Dataset records »
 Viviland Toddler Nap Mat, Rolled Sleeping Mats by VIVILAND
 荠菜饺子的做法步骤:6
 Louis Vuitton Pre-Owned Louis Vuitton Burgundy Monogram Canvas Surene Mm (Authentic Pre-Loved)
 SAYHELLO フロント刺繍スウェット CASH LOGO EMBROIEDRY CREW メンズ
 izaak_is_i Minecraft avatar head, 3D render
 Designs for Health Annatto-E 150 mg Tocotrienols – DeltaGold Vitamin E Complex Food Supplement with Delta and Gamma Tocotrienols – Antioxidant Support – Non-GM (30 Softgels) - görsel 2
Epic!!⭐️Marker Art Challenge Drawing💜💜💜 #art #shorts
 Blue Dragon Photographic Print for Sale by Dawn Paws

---

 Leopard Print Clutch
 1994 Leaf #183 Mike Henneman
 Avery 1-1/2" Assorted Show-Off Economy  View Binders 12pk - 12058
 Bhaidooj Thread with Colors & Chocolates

Work request » Using the data above, reproduce exactly the lines between those holding "Viviland Toddler Nap" and "Blue Dragon Photographic", inclusive, and no others.

Finished task »
 Viviland Toddler Nap Mat, Rolled Sleeping Mats by VIVILAND
 荠菜饺子的做法步骤:6
 Louis Vuitton Pre-Owned Louis Vuitton Burgundy Monogram Canvas Surene Mm (Authentic Pre-Loved)
 SAYHELLO フロント刺繍スウェット CASH LOGO EMBROIEDRY CREW メンズ
 izaak_is_i Minecraft avatar head, 3D render
 Designs for Health Annatto-E 150 mg Tocotrienols – DeltaGold Vitamin E Complex Food Supplement with Delta and Gamma Tocotrienols – Antioxidant Support – Non-GM (30 Softgels) - görsel 2
Epic!!⭐️Marker Art Challenge Drawing💜💜💜 #art #shorts
 Blue Dragon Photographic Print for Sale by Dawn Paws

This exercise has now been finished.